I’ve mentioned this before (many threads ago) but there’s a good insight here during this interview with Professor Sir David Spiegelhalter, relevant section 19.20 - 24.58.
TW: deals with diagnosis of cancer in a baby & eventual death of a small child.


If I had one wish for people with cancer - or any other life-limiting illness - it would be that they have someone to talk to. I don’t necessarily mean a family member or friend (though their support is vital), it’s often “easier” to reveal and talk through your worst thoughts and fears with a stranger. I understand that for some, acceptance means giving in but it need not.

Sorry for the waffle 🤦🏻‍♀️.

Im not talking about her home care team, I specifically worded it that way because I knew someone would bring up that it was free. I was talking about how being less in pain due to her private care meant she was able to even have home care, that plus more money to modify her living environments.
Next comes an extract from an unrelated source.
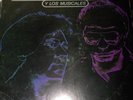 David Lee Garza Y Los Musicales Cuantas Veces LP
Monique was so ill she couldn’t even leave her bed nevermind go home.

Look, this isn’t a competition about how Deborah actually was equal to us all. Yeah she had some NHS stuff, yeah she paid for some stuff herself, yeah she had some insurance.

Point is, no one should be written off because of their stage/lack of wealth. If Rich wants this surgery and has found people able and willing, he should be entitled to that without people saying there’s no value due to how advanced he is. Even if he was 1% chance of survival that’s more than the certain death he faces otherwise.